To solve this, we need to use a process executor instead of a thread executor:
import asyncio
import time
from concurrent.futures import ProcessPoolExecutor
from fastapi import FastAPI, Request
from sentence_transformers import SentenceTransformer
app = FastAPI()
sbertmodel = None
def create_model():
global sbertmodel
sbertmodel = SentenceTransformer('multi-qa-MiniLM-L6-cos-v1')
# if you try to run all predicts concurrently, it will result in CPU trashing.
pool = ProcessPoolExecutor(max_workers=1, initializer=create_model)
def model_predict():
ts = time.time()
vector = sbertmodel.encode('How big is London')
return vector
async def vector_search(vector):
# simulate I/O call (e.g. Vector Similarity Search using a VectorDB)
await asyncio.sleep(0.005)
@app.get("/")
async def entrypoint(request: Request):
loop = asyncio.get_event_loop()
ts = time.time()
# worker should be initialized outside endpoint to avoid cold start
vector = await loop.run_in_executor(pool, model_predict)

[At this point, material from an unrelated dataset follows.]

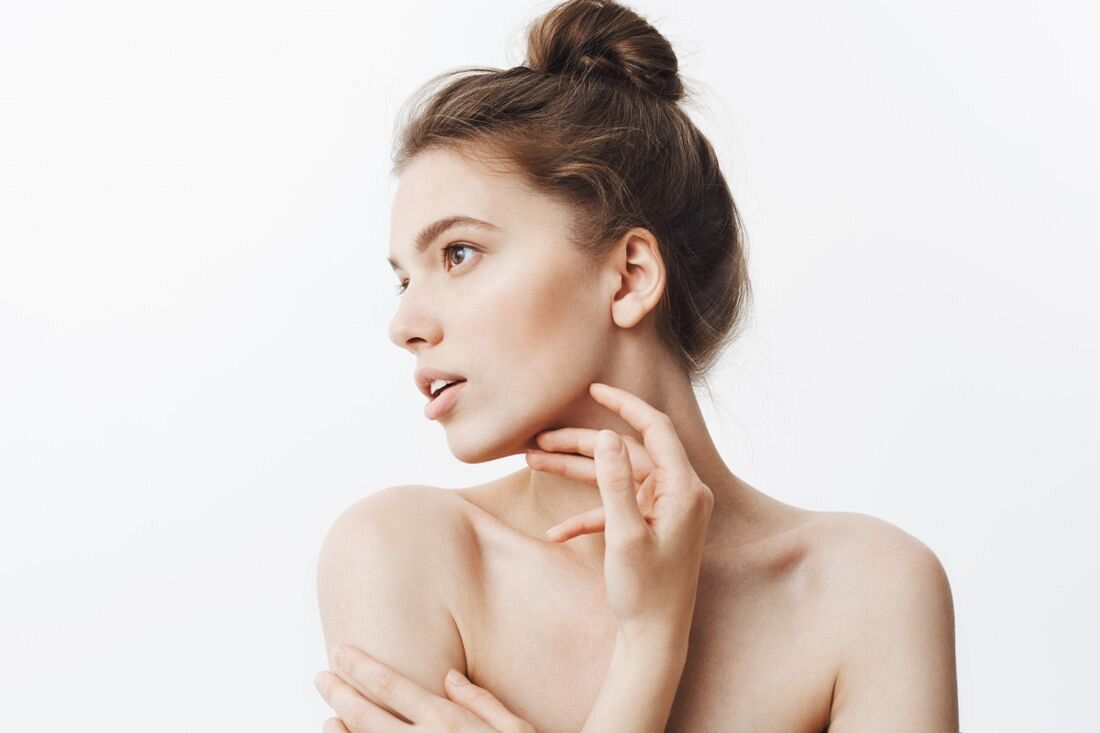 Sesderma Sesgen 32 - pielęgnacja w rytmie skóry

print(f"Model : {int((time.time() - ts) * 1000)}ms")
ts = time.time()
await vector_search(vector)
print(f"io task: {int((time.time() - ts) * 1000)}ms")
return "ok"A caveat is that we need to load the model inside the worker to avoid IPC and other issues. We just need to use the initializer param for that as shown in the above code snippet.
The result:
fastapi_pytorch-app-1 | Model : 7ms
fastapi_pytorch-app-1 | io task: 5ms
fastapi_pytorch-app-1 | Model : 8ms
fastapi_pytorch-app-1 | io task: 5ms
fastapi_pytorch-app-1 | Model : 9ms
fastapi_pytorch-app-1 | io task: 5ms
fastapi_pytorch-app-1 | Model : 8ms
fastapi_pytorch-app-1 | io task: 4ms
fastapi_pytorch-app-1 | Model : 7ms
fastapi_pytorch-app-1 | io task: 5ms
fastapi_pytorch-app-1 | Model : 8ms
fastapi_pytorch-app-1 | io task: 5ms
fastapi_pytorch-app-1 | Model : 9ms
fastapi_pytorch-app-1 | io task: 5ms
fastapi_pytorch-app-1 | Model : 9ms
fastapi_pytorch-app-1 | io task: 5ms
fastapi_pytorch-app-1 | Model : 7ms
fastapi_pytorch-app-1 | io task: 6msThis is much better! We still have some extra latency (1–3ms), but it can be considered negligible and expected due to the high concurrency we’re doing.
Conclusion
When running I/O tasks alongside CPU-bound tasks like model prediction, we should always use ProcessPoolExecutor to avoid extreme degradation of our I/O tasks.